Duckworth rips Trump over troops at Mexican border
Senator decries ‘real waste of resources,’ points out more than 5,000 troops will spend Thanksgiving away from families
By Ted Cox
U.S. Sen. Tammy Duckworth is blasting the Trump administration over its controversial deployment of U.S. troops to the Mexican border.
“This president has done everything he can to politicize our military, and that’s wrong,” Illinois’s junior U.S. senator said in an appearance on CNN’s “All in With Chris Hayes” on Wednesday.
As a wounded Iraq veteran herself, Duckworth has been an outspoken defender of the U.S. military. She spoke as part of a CNN report stating that the first wave of aspiring Central American immigrants seeking U.S. asylum as part of what President Trump has called a “caravan” arrived this week at a border crossing in Tijuana.
Trump boasted at a campaign rally at Southern Illinois Airport shortly before the midterm election that he’d be sending troops to defend the border against the undocumented immigrants, but the CNN report pointed out he deployed them to the eastern end of the U.S.-Mexico border at the southern tip of Texas, while those seeking asylum this week arrived at the western end on California’s southern border.
“There’s no real mission for the troops there,” Duckworth said of the deployment. “And this is at the cost of, I’m hearing figures as high as $200 million.”
Duckworth pointed out that, by law, the troops are not allowed to engage in U.S. law enforcement, including securing the border against aspiring immigrants.
“They’re basically sitting out in the desert building fences and latrines for each other, eating (Meals Ready to Eat) with no real mission,” Duckworth added. “It’s a real waste of resources, and it is a real misuse of our brave men and women in uniform.
“And they’ll be there over Thanksgiving, away from their families.”
U.S. Defense Secretary Jim “Mad Dog” Mattis visited troops in Texas on Wednesday and insisted the deployment was “absolutely legal,” calling it “a moral and ethical mission to support our border patrolmen.” He counseled troops to ignore news reports, “because if you read all that stuff, you know, you’ll go nuts.”

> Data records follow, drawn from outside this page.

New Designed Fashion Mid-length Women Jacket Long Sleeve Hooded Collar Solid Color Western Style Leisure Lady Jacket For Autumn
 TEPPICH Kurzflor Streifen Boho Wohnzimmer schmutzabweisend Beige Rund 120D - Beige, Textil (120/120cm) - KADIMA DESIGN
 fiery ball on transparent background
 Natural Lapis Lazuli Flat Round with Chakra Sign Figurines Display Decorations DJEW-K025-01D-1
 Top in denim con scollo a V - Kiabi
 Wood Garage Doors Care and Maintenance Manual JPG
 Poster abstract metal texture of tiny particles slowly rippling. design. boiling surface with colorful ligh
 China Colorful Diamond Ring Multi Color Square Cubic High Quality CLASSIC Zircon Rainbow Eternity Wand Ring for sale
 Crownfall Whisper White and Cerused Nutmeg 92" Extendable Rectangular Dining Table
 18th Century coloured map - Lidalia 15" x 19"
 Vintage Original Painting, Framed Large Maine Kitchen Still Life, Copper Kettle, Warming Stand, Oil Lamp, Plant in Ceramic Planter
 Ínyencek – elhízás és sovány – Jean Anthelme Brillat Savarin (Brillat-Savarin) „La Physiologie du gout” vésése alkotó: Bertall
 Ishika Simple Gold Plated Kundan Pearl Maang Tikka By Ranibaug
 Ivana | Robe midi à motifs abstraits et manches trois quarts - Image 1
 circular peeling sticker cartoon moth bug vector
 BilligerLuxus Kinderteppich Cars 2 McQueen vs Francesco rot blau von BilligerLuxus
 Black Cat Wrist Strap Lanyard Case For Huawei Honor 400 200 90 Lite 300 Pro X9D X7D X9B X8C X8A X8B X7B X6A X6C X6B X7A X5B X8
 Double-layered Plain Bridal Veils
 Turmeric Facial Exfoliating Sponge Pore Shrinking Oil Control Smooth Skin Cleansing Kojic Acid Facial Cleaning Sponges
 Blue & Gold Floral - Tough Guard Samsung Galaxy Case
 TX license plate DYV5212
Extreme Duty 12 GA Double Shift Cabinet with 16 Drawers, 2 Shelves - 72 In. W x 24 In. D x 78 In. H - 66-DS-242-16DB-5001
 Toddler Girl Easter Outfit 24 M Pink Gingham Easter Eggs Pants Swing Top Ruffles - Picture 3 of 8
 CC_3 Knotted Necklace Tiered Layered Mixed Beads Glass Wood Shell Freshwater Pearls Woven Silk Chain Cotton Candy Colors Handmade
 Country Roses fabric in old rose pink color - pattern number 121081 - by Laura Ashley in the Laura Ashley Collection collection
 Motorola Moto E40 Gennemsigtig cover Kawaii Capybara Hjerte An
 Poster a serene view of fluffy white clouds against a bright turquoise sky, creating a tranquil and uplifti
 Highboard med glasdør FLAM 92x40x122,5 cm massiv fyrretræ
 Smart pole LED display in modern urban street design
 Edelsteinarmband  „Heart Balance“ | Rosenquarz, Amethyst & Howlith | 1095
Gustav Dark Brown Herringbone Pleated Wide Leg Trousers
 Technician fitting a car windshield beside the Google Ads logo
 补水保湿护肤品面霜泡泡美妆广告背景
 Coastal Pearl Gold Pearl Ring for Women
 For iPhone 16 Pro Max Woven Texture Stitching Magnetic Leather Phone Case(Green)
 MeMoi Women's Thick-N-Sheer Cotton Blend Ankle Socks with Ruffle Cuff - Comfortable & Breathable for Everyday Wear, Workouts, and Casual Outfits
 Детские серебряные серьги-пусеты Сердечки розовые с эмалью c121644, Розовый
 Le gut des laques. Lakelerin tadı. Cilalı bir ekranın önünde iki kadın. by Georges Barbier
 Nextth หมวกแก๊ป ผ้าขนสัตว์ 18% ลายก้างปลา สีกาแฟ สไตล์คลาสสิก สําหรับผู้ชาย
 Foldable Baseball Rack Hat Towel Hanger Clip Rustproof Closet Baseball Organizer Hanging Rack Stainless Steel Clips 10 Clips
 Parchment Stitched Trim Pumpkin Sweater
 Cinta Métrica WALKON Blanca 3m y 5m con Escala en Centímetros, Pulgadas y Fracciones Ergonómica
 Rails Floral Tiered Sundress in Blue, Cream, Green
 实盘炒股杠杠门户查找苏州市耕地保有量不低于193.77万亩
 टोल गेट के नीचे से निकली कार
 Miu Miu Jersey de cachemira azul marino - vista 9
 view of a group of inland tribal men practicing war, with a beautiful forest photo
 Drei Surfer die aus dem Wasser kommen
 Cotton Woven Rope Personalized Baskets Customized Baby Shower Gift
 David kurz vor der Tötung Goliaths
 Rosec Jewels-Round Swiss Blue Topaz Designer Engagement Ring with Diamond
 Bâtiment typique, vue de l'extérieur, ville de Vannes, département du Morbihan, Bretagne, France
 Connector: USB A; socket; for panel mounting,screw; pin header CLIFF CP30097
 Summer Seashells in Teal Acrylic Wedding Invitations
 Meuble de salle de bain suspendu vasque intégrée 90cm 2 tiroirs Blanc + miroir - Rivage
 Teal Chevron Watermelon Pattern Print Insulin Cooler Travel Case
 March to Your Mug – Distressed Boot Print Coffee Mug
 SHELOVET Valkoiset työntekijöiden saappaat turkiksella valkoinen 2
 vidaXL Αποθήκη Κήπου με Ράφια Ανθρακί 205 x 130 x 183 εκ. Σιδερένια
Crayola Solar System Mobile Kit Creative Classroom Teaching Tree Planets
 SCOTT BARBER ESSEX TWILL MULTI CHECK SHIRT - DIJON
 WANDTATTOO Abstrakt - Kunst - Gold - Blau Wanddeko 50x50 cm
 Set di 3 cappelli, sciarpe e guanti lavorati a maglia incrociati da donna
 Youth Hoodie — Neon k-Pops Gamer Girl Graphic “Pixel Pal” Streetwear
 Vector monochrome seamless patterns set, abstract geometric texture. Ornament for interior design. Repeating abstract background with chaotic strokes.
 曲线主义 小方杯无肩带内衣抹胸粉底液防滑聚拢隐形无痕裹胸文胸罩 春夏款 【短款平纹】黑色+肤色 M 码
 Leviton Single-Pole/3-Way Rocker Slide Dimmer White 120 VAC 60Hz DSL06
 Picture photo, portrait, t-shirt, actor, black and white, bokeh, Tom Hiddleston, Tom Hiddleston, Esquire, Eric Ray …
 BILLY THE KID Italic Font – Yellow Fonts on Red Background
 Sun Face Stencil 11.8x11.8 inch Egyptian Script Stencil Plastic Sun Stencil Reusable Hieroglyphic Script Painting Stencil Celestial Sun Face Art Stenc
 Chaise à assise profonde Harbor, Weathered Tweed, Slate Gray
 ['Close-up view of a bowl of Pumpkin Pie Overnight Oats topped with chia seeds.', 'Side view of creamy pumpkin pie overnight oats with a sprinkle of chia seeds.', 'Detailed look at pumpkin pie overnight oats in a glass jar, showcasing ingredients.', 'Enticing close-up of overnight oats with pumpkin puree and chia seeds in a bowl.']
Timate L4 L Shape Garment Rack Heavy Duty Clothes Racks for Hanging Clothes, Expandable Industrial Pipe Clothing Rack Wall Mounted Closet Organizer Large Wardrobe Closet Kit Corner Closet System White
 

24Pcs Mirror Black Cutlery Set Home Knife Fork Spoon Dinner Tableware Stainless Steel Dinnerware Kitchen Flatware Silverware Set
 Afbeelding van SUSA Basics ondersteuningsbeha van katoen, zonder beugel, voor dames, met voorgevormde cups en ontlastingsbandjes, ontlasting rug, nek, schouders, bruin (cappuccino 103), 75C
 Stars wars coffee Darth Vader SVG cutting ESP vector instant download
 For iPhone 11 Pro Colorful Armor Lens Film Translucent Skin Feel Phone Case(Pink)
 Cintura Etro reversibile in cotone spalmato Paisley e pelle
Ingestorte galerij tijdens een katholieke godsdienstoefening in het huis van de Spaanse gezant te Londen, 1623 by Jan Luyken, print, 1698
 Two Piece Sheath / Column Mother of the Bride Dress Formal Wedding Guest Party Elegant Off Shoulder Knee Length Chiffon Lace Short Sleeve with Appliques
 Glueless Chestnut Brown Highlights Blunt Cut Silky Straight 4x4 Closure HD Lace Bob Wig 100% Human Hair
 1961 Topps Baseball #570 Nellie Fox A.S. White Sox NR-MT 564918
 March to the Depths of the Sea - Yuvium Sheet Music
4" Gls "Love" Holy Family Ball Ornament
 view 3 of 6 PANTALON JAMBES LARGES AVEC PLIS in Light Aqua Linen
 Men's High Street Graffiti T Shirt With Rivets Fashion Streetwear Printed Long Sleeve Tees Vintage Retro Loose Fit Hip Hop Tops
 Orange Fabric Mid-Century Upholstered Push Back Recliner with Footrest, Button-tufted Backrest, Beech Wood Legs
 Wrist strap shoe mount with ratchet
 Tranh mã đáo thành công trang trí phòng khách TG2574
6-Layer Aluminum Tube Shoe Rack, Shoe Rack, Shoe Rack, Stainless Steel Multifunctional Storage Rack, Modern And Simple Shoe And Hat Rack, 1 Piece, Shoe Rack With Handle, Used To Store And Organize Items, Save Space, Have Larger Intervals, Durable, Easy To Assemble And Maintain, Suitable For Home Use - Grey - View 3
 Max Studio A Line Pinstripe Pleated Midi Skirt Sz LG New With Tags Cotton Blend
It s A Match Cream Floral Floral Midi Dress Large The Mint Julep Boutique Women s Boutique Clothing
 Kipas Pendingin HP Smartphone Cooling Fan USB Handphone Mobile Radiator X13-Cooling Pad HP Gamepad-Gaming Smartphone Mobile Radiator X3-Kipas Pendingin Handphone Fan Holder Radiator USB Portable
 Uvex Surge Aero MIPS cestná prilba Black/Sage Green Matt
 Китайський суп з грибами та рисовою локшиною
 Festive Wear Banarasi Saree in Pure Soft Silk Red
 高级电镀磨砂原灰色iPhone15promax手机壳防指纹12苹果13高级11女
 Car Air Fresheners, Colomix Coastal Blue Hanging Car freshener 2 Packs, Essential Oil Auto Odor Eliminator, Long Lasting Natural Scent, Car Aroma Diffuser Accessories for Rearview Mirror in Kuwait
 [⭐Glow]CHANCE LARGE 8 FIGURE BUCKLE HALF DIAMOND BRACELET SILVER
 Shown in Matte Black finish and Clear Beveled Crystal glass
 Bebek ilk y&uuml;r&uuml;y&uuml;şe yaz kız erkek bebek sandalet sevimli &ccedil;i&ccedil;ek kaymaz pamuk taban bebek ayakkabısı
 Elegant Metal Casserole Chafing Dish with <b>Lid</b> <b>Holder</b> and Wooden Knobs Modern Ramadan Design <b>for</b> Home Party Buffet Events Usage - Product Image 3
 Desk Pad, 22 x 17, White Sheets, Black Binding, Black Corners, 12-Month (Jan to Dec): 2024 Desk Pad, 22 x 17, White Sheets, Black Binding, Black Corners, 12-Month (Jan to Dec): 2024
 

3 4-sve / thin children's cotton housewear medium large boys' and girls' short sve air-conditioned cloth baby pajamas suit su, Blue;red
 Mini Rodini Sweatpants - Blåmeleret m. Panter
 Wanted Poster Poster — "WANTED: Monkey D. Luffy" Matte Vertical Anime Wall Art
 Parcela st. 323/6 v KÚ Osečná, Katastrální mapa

Duckworth added, on a related matter, that more than 80,000 U.S. vets under the G.I. Bill have had housing payments jeopardized by a computer glitch that has proved hard to solve. “It is shameful,” she said, blaming “incompetence from the Trump administration.”
Early this week, Duckworth marked Veterans Day on the day before the 14th anniversary of her “Alive Day,” the day her helicopter was shot down in Iraq, resulting in the loss of her legs. Pointing out the “Alive Day” usage is from Vietnam veterans, she said, “It’s my gut-check. It’s my moral compass,” as she uses it to inspire herself to earn the life spared by her military colleagues and surgeons.